Thoughts and Guide to Stella Engine Maintenance and
Repair
The joy of Stella ownership is generally associated with the boat’s superb sailing ability and not in the engine’s ability to reliably plug against a foul tide for hours on end or get home quickly when the weather turns nasty.
A typical owner regularly checks and adjusts standing and running rigging, but perhaps gives less regard to the ‘lurking lump’ of machinery hiding under the cockpit sole. When this fails, which is usually at the most inconvenient time, it is generally thought to be the fault of the maker/ boatyard/ co-owner etc, but we Stella owners rarely blame ourselves for lack of attention!
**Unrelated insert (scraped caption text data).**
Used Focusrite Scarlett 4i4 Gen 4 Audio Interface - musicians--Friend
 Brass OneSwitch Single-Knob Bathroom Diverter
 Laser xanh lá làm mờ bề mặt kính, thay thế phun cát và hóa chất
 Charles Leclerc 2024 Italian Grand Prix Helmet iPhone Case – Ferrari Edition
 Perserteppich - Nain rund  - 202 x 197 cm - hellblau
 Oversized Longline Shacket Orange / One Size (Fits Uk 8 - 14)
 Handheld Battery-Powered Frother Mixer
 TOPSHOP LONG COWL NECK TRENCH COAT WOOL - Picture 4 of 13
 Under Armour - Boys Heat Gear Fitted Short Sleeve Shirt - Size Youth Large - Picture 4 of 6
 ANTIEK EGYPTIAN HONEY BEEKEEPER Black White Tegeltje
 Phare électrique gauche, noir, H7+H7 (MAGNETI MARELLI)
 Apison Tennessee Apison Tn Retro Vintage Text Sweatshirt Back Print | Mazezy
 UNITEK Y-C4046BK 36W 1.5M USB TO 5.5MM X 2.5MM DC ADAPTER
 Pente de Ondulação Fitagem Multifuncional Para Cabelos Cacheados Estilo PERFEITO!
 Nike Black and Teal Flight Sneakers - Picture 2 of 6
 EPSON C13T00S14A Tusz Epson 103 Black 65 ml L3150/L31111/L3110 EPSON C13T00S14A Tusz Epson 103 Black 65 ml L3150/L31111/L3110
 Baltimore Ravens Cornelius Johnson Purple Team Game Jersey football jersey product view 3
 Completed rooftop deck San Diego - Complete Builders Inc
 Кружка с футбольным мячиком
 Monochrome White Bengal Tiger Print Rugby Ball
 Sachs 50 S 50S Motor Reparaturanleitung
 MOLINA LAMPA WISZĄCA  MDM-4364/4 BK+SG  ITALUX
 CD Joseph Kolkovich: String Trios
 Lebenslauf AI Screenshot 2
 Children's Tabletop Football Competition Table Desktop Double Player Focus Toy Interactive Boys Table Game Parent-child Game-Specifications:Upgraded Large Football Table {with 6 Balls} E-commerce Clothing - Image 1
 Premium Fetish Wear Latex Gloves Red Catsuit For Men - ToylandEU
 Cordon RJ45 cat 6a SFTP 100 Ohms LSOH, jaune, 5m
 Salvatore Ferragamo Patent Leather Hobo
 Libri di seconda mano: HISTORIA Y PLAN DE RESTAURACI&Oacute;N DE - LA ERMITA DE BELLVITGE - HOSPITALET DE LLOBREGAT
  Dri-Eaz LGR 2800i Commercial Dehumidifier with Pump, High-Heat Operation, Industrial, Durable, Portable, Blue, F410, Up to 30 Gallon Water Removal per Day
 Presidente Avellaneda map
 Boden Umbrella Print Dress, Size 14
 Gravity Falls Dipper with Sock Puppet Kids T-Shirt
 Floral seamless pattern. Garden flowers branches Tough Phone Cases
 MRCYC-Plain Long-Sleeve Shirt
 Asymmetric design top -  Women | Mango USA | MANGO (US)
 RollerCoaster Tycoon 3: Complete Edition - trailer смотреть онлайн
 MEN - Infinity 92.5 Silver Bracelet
There are times when an engine can break down due to internal failure, but these occasions are few compared to simple engine failures such as a blocked fuel or cooling system or a slipping drive belt. Unlike cars, boats cannot be pulled over on the ‘hard shoulder’ to await the breakdown services, and it really has to be a potentially life threatening situation before you should call the Lifeboat out!
Regular inspection and maintenance by the owner can overcome many breakdown problems, and if you get to know your engine well, you will gain great satisfaction in recognising problems before they cause havoc. You will also be able to recover from minor breakdowns without resort to ‘expert’ help, thus saving a stash of cash and lost sailing time.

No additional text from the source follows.